The Warsaw Voice
- Format: A4
- Founded: 1988
- Language: English
- Headquarters: Warsaw
- Circulation: 10,500
- Website: warsawvoice.pl

= The Warsaw Voice =

English-language newspaper in Poland

Warsaw Voice: Polish and Central European Review, commonly shortened to The Warsaw Voice, is an English-language newspaper printed in Poland, concentrating on news about Poland and its neighbours. It was the first and, for the first few years of its history, the only English-language newspaper published in Poland. It has been described as "the most authoritative English-language newspaper" published in Warsaw. In 2026, it suspended publication until further notice. It was created by Polish TV-presenter and journalist Andrzej Jonas, who served as editor-in-chief with Slawomir Majman as deputy editor in chief.

First released in October 1988, it is a general news magazine with sections on political, economic, social and cultural news and with opinions sections. The printed edition has a circulation of 10,500.

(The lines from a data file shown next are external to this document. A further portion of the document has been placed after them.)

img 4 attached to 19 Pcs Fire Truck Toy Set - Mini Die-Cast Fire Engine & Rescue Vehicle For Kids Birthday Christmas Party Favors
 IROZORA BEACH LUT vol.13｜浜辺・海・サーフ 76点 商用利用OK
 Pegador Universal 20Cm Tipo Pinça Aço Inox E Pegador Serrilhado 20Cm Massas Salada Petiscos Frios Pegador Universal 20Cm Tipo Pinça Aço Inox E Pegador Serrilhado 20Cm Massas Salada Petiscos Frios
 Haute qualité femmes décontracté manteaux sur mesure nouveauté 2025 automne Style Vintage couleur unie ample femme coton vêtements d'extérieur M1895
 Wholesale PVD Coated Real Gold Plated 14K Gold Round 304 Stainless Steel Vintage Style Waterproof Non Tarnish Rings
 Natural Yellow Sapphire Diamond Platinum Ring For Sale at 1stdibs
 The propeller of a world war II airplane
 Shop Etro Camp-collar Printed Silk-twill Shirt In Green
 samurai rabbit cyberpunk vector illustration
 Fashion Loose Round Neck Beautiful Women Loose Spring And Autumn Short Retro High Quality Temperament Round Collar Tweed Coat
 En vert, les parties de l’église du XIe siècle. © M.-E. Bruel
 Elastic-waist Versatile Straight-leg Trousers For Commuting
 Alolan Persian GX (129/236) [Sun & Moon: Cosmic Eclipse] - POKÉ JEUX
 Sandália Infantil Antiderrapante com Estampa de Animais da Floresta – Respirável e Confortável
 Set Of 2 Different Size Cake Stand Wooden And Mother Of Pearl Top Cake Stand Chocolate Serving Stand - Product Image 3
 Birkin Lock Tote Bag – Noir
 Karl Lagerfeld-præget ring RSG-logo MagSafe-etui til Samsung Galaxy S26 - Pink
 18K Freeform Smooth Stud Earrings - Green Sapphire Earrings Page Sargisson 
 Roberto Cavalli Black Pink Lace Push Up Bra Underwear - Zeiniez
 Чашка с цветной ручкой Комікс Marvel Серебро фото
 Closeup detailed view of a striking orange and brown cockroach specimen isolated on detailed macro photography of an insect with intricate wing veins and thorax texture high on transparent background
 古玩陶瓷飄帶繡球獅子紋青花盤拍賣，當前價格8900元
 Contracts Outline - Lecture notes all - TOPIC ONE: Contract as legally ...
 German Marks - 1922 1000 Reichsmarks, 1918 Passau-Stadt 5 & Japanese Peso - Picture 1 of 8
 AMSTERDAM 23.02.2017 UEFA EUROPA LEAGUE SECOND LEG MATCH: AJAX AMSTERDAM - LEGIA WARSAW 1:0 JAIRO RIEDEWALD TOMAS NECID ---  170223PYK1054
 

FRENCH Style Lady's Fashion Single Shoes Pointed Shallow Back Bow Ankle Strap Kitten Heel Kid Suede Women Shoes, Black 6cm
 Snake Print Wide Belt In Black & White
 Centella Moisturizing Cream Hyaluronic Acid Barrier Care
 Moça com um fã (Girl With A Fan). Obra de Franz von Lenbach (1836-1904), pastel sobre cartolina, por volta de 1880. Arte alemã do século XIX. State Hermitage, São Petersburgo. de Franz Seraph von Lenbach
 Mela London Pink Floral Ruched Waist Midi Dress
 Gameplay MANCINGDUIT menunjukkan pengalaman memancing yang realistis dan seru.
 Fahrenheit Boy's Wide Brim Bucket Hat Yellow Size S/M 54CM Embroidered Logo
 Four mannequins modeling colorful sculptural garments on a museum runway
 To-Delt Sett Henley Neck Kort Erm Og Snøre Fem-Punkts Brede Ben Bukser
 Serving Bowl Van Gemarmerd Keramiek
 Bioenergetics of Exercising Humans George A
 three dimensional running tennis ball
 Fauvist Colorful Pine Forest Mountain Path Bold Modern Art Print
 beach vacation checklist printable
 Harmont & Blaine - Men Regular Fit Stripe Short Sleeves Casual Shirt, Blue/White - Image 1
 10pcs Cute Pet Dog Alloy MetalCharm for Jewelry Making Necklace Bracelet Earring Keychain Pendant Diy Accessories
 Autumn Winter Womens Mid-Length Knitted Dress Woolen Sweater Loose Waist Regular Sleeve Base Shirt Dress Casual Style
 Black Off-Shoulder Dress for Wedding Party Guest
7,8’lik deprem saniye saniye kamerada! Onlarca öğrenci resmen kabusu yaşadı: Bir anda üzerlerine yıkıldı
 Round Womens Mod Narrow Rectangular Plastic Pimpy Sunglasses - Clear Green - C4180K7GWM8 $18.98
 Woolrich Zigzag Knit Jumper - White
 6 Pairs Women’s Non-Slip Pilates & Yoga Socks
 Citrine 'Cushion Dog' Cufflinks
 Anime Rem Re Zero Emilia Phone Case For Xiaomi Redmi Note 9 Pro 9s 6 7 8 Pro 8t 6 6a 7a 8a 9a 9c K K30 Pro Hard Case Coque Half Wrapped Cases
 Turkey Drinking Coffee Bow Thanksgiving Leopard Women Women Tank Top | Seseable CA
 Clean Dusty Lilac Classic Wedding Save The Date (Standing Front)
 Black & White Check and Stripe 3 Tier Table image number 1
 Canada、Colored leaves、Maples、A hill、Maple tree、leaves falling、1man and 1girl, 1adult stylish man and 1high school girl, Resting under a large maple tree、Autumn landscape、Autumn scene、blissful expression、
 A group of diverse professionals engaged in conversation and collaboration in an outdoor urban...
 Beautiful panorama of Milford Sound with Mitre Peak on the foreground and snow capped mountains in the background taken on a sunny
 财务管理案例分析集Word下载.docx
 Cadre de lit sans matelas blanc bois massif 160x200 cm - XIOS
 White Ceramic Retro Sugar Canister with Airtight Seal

After the fall of communism in 1989, many Western European companies started to expand heavily in or come to Poland, such as the American Coca-Cola, the French retail chains Carrefour and Auchan, German Volkswagen and the Dutch Philips, ING Bank, Unilever and the wholesaler Makro. As a result, the expat community in Warsaw and surroundings quickly grew to some tens of thousands. The Voice caters specially to their needs, offering primarily economic, political and cultural news and background. From 1992 until 1998 The Voice had one foreign correspondent, Arthur Graaff in Amsterdam, because of the leading Dutch investments in Poland.

In 2016, the magazine switched from monthly to quarterly publication. The most recent issue to date was the Winter 2025 edition. On 13 March 2026, it suspended publication entirely pending “new decisions (…) regarding the future formula.” Updates to the website and the daily newsletter “Poland’s Voice daily” have also been discontinued as of this date.

==Print characteristics==
A4 format (230mm x 297 mm), 40 pages, minimum 24 pages in full colour.